[VI]
THE PATH OF THE AIR
Deacon Jimmy Wadsworth was probably the most upright man in Cornwall. It was he who drove five miles one bitter winter night and woke up Silas Smith, who kept the store at Cornwall Bridge, to give him back three cents over-change. Silas’s language, as he went back to bed, almost brought on a thaw.
The Deacon lived on the tiptop of the Cobble, one of the twenty-seven named hills of Cornwall, with Aunt Maria his wife, Hen Root his hired man, Nip Root his yellow dog and—the Ducks. The Deacon had rumpled white hair and a serene clear-cut face, and even when working, always wore a clean white shirt with a stiff bosom and no collar.
Aunt Maria was of the salt of the earth. She was spry and short, with a little face all wrinkled with good-will and good works, and had twinkling eyes of horizon-blue. If anyone was sick, or had unexpected company, or a baby, or was getting married or buried, Aunt Maria was always on hand, helping.

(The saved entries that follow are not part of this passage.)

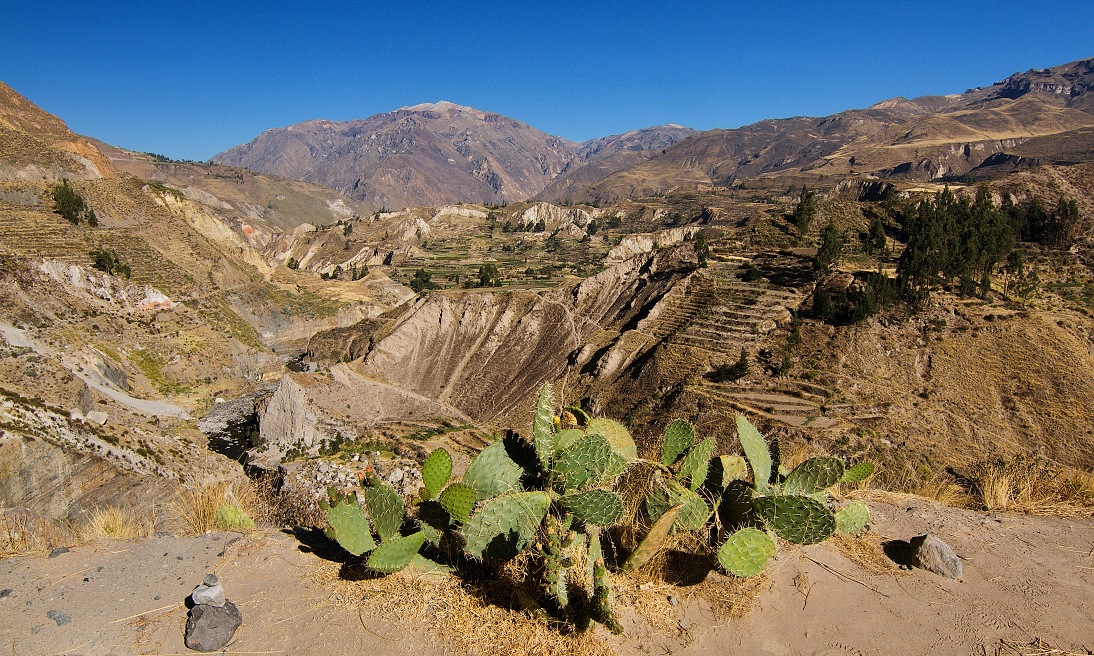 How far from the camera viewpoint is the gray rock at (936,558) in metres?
6.07

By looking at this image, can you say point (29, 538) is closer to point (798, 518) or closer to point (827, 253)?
point (798, 518)

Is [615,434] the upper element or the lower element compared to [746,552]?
upper

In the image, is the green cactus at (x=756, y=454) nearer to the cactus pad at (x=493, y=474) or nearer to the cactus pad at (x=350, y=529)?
the cactus pad at (x=493, y=474)

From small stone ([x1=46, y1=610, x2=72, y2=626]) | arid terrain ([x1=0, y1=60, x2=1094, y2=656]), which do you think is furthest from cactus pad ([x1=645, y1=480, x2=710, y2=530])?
small stone ([x1=46, y1=610, x2=72, y2=626])

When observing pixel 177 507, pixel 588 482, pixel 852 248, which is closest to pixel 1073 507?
pixel 588 482

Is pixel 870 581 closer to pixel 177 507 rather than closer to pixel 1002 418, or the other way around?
pixel 177 507

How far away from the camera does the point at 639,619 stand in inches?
206

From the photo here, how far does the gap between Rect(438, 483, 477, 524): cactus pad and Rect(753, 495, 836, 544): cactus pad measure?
3140 mm

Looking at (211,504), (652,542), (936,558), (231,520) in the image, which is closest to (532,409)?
(211,504)

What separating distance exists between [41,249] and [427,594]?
194 ft

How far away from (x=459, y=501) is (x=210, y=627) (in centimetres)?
254

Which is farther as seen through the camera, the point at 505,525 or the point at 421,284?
the point at 421,284

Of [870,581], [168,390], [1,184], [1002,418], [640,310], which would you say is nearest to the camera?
[870,581]

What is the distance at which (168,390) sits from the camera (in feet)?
143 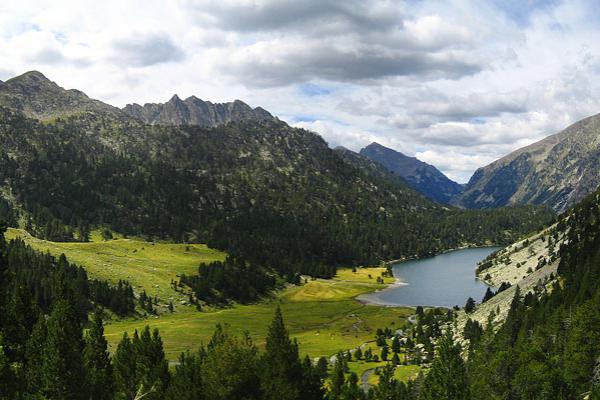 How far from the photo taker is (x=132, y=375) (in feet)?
199

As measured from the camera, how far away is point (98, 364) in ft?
196

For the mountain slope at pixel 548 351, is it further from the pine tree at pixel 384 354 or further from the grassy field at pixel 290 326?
the grassy field at pixel 290 326

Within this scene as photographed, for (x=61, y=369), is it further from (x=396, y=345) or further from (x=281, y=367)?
(x=396, y=345)

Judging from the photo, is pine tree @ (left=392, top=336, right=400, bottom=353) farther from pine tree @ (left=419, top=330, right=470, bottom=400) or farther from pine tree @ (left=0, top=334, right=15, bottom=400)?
pine tree @ (left=0, top=334, right=15, bottom=400)

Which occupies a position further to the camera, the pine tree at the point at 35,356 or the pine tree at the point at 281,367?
the pine tree at the point at 281,367

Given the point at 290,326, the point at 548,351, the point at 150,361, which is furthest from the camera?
the point at 290,326

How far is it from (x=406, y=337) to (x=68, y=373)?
120m

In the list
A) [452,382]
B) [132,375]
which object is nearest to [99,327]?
[132,375]

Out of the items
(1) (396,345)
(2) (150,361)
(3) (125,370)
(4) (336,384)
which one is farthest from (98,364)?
(1) (396,345)

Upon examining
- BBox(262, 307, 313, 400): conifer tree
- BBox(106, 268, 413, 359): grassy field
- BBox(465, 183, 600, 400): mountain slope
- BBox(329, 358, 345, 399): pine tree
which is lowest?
BBox(106, 268, 413, 359): grassy field

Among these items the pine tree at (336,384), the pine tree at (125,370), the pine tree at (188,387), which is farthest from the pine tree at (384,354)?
the pine tree at (188,387)

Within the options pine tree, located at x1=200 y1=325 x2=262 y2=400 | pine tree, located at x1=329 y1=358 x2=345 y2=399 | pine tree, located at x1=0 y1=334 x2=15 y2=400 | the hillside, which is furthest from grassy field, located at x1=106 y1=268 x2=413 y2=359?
pine tree, located at x1=0 y1=334 x2=15 y2=400

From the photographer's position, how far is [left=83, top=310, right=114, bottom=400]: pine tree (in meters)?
52.9

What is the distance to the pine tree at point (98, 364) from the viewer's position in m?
52.9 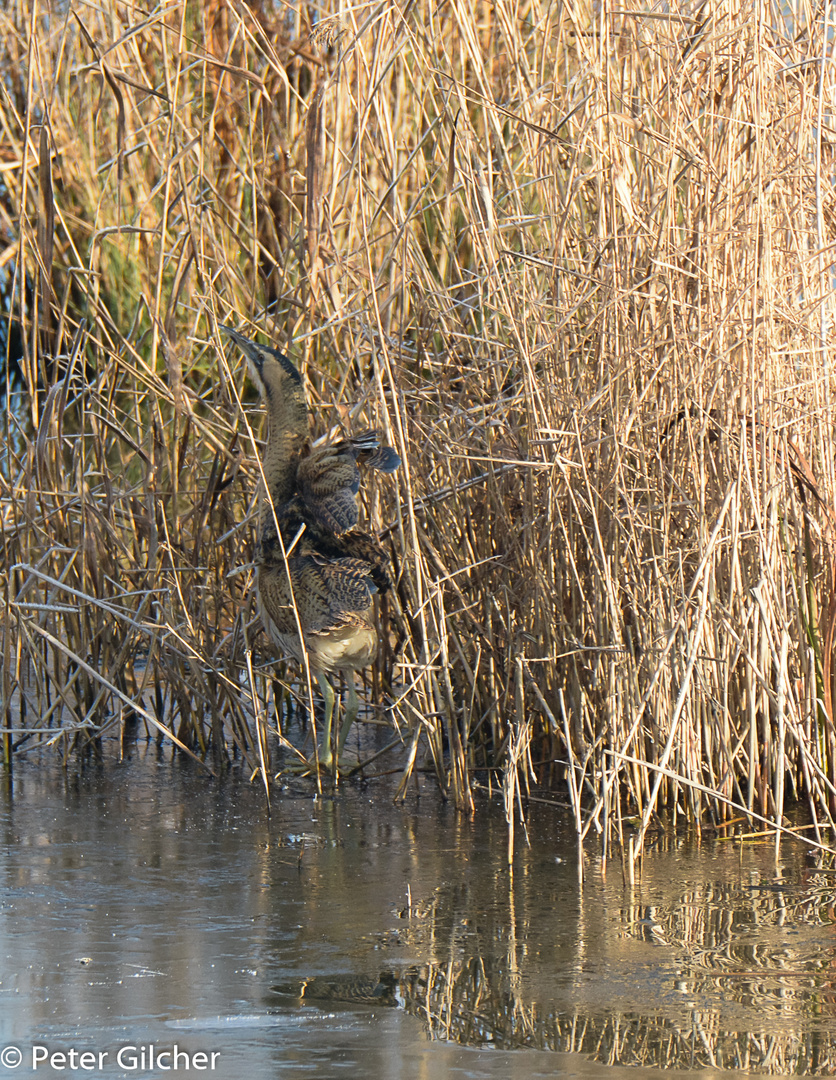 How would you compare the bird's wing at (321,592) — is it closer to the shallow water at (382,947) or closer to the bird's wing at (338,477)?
the bird's wing at (338,477)

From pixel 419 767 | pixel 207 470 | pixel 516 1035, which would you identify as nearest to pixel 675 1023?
pixel 516 1035

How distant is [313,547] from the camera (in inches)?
176

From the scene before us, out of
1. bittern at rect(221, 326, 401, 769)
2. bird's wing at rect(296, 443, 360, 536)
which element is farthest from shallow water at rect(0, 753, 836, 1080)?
bird's wing at rect(296, 443, 360, 536)

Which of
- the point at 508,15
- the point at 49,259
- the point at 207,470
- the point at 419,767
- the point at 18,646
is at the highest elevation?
the point at 508,15

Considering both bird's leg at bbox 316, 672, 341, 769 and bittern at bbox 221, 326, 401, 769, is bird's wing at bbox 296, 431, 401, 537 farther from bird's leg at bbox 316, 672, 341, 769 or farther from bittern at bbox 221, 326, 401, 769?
bird's leg at bbox 316, 672, 341, 769

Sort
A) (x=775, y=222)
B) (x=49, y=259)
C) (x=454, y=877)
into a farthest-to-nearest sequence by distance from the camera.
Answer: (x=49, y=259) → (x=775, y=222) → (x=454, y=877)

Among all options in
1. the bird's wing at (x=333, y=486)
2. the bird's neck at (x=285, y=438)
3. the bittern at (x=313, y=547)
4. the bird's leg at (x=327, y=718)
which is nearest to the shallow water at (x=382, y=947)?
the bird's leg at (x=327, y=718)

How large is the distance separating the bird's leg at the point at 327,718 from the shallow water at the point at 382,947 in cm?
19

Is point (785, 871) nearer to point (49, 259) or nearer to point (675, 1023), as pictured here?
point (675, 1023)

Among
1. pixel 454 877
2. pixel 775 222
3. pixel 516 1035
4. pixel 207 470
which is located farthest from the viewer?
pixel 207 470

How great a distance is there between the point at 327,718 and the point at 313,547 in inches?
20.6

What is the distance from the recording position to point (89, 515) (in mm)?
4848

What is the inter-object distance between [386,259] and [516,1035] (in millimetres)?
2370

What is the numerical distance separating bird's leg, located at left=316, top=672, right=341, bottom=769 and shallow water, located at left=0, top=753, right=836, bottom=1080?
19 cm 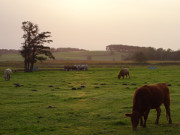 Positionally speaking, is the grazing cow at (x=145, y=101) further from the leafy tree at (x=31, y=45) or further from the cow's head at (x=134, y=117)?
the leafy tree at (x=31, y=45)

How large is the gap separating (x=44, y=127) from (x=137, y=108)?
415 centimetres

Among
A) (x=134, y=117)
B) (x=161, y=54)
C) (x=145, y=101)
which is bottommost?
(x=134, y=117)

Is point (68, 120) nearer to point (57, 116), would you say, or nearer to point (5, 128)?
point (57, 116)

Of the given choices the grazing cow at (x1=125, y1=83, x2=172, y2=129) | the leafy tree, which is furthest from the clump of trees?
the grazing cow at (x1=125, y1=83, x2=172, y2=129)

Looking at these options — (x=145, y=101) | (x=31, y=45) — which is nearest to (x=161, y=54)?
(x=31, y=45)

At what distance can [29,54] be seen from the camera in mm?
61719

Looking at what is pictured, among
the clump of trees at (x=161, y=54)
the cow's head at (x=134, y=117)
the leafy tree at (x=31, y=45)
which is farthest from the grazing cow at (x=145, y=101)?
the clump of trees at (x=161, y=54)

As for Hen, he cared more for his dog than he did for any human. When a drive for the Liberty Loan was started in Cornwall, he bought a bond for himself and one for Nip, and had the latter wear a Liberty Loan button in his collar.
Of course, the farm was cluttered up with horses, cows, chickens, and similar bric-a-brac, but the Ducks were part of the household. It came about this way: Rashe Howe, who hunted everything except work, had given the Deacon a tamed decoy duck, who seemed to have passed her usefulness as a lure. It was evident, however, that she had been trifling with Rashe, for before she had been on the farm a month, somewhere in sky or stream she found a mate. Later, down by the ice-pond, she stole a nest—a beautiful basin made of leaves and edged with soft down from her black-and-buff breast. There she laid ten blunt-ended, brown eggs, which she brooded until she was carried off one night by a wandering fox. Her mate went back to the wilds, and Aunt Maria put the eggs under a big clucking Brahma hen, who hatched out six soft yellow ducklings.
They had no more than come out of the shell when, with faint little quackings, they paddled out of the barnyard and started in single file for the pond. Although just hatched, each little duck knew its place in the line, and from that day on, the order never changed. The old hen, clucking frantically, tried again and again to turn them back. Each time they scattered and, waddling past her, fell into line once more. When at last they reached the bank, their foster-mother scurried back and forth squawking warnings at the top of her voice; but, one after another, each disobedient duckling plunged in with a bob of its turned-up tail, and the procession swam around and around the pond as if it would never stop.
This was too much for the old hen. She stood for a long minute, watching the ungrateful brood, and then turned away and evidently disinherited them upon the spot. From that moment she gave up the duties of motherhood, stopped setting and clucking, and never again recognized her foster-children, as they found out to their sorrow after their swim. All the rest of that day they plopped sadly after her, only to be received with pecks whenever they came too near. She would neither feed nor brood them, and when night came, they had to huddle in their deserted coop in a soft little heap, shivering and quacking beseechingly until daylight.